Notwithstanding this prediction, if the integrated model is correct
in its proposition that liberals/aversive racists will reveal their
prejudice by discriminating against Blacks provided that such
discrimination can be justified, Hypothesis 2 states that liberals
should significantly decrease their double jeopardy ratings for the
Black officer once it is revealed that he initiated the assault;
specifically, liberals in the Black officer-White motorist/officer first
punch cell should perceive double jeopardy significantly less than
liberals in the Black officer-White motorist/unspecified cell.
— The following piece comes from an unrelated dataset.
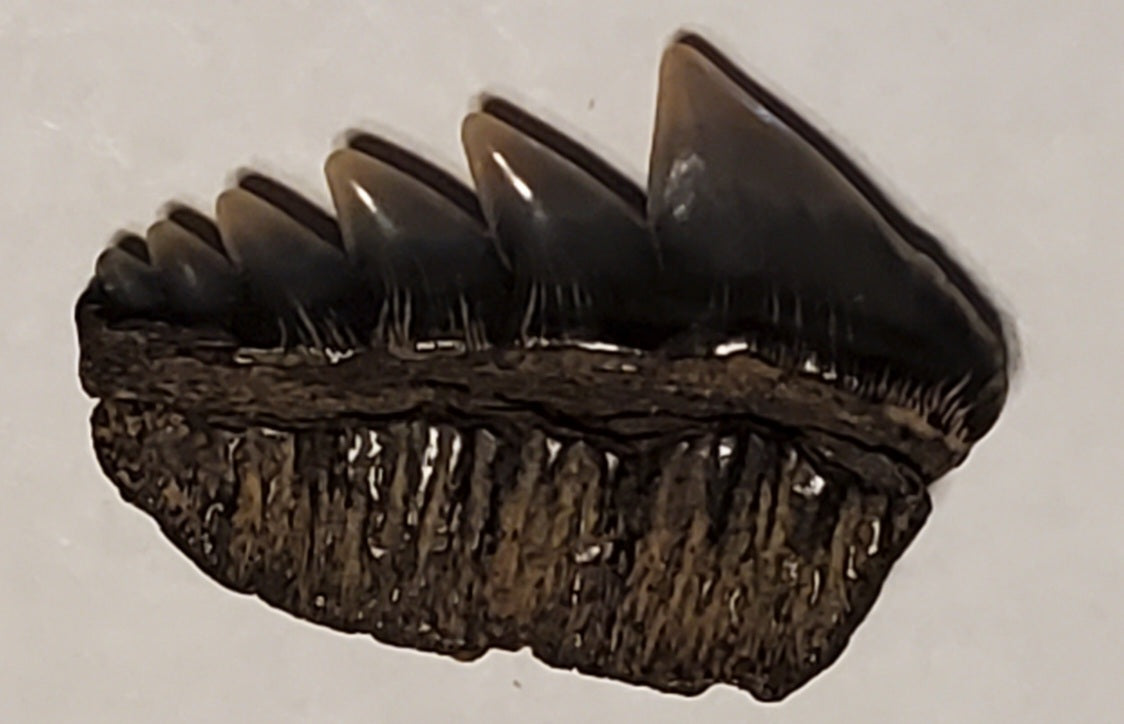 0.90" Cow Shark Tooth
This
prediction follows the logic of the integrated model because here a
lower rating by liberals can be attributed to the Black officer throwing
the first punch rather than to his race.
A related notion is that the hypothesized decrease in double
jeopardy ratings among liberals for a Black officer who throws the first
punch should be greater than that for a White Officer who does so. Thus
among liberals, Hypothesis 3 states that the independent variables, race
combination and first punch, should interact. Such an interaction would
indicate that knowledge of the officer throwing the first punch
adversely affected liberals' perceptions of the Black officer more
so than their perceptions of the White officers.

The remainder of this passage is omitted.